This is the single most common question new UK business owners ask: should I register as a sole trader or set up a limited company? The answer depends on your income level, risk tolerance and how much admin you are willing to handle.
What Is a Sole Trader?
A sole trader is the simplest business structure. You and the business are legally the same entity. You register with HMRC for Self Assessment, file one tax return per year and keep basic records. There is no Companies House registration, no annual accounts filing and no public register of your details.
The downside is unlimited liability. If your business owes money, creditors can come after your personal assets — your house, car and savings.

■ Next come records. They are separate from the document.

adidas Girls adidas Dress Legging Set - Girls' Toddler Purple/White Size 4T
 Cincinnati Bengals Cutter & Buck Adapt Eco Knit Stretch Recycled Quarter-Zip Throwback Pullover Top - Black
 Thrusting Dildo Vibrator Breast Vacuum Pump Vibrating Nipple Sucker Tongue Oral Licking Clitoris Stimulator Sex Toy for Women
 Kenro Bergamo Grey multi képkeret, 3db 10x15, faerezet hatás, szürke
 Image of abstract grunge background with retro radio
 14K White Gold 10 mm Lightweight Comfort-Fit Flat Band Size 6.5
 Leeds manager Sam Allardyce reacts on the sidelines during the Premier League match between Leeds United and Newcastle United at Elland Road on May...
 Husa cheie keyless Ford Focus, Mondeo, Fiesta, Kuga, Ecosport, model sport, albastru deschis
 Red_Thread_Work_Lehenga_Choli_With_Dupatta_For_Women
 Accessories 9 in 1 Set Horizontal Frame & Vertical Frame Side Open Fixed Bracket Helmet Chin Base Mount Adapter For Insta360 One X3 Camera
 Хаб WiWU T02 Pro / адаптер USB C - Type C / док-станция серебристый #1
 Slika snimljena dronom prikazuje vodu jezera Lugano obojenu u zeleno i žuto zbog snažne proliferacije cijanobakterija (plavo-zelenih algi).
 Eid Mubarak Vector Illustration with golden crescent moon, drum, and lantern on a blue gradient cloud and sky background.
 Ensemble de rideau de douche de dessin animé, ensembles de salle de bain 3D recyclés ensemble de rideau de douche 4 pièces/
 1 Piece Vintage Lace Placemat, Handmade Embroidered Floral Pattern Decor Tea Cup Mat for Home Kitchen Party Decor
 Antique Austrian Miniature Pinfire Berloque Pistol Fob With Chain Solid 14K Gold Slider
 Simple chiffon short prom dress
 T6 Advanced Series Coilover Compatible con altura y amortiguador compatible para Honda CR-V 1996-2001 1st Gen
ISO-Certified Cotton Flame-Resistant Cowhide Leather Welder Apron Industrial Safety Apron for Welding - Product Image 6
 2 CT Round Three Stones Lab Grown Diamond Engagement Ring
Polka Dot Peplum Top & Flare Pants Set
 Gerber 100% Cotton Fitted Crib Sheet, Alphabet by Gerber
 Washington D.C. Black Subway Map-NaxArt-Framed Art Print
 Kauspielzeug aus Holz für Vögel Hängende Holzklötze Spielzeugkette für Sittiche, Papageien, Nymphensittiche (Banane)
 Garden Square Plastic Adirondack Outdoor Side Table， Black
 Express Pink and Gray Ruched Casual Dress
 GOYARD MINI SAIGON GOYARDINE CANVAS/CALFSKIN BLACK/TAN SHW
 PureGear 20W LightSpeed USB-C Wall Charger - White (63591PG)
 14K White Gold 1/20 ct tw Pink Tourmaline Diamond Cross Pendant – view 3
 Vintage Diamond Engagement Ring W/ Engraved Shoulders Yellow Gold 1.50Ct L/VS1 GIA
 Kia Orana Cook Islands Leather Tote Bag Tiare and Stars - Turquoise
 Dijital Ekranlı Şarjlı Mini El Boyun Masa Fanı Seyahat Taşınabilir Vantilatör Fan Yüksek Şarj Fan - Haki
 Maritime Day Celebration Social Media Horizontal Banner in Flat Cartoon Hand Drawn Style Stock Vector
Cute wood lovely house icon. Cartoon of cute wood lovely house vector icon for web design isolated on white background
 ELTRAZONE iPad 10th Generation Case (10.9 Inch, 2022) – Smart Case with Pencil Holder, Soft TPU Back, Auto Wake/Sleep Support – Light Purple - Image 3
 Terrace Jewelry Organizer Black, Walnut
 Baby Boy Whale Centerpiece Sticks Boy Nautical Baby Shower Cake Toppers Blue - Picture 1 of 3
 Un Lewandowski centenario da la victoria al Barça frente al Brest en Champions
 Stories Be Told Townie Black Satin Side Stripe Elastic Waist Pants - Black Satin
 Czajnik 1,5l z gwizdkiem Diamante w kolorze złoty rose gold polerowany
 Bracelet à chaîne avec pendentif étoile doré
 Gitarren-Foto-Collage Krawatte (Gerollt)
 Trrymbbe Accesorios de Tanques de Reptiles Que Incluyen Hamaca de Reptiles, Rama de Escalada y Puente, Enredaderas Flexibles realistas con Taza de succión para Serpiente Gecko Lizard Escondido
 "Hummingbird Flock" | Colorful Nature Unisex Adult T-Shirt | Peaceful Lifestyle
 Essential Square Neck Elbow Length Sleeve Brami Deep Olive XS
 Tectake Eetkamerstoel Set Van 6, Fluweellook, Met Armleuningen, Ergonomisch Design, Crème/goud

What Is a Limited Company?
A limited company is a separate legal entity with its own identity. Your personal liability is limited to your investment — usually £1 in share capital. Read our guide to starting a limited company for the full process.
Tax Comparison
As a general rule, once profits exceed roughly £30,000-£35,000 per year, a limited company becomes more tax-efficient. Below that, the extra admin costs often outweigh the tax savings. Sole traders pay Income Tax (20-45%) plus Class 2 and Class 4 National Insurance. Limited companies pay Corporation Tax (19-25%) and directors typically take a small salary plus dividends.
Use the CalcPad tax comparison calculator to run your own numbers.
Admin and Compliance
Sole traders have minimal admin: one Self Assessment tax return per year and basic bookkeeping. Limited companies must file annual accounts with Companies House, submit a Corporation Tax return, file a confirmation statement annually, maintain statutory registers and keep board minutes. Most directors hire an accountant (£500-2,000/year).
Credibility and Perception
Some clients prefer working with limited companies. It signals permanence and professionalism. Your company details are on the public register — anyone can look you up on BizLookup to verify you are legitimate.
When to Switch
Consider switching from sole trader to limited company when:
- Annual profits consistently exceed £30,000-35,000
- You want to protect personal assets from business liabilities
- Clients require Ltd status for contracts
- You want to bring in partners or investors
- You plan to sell the business (selling shares is more tax-efficient)
The Bottom Line
Starting out with a side hustle earning under £30,000? Sole trader is simpler and cheaper. Once established and earning more, the tax savings and liability protection of a limited company usually make the switch worthwhile. Either way, keep clean records from day one — it makes any future transition far easier.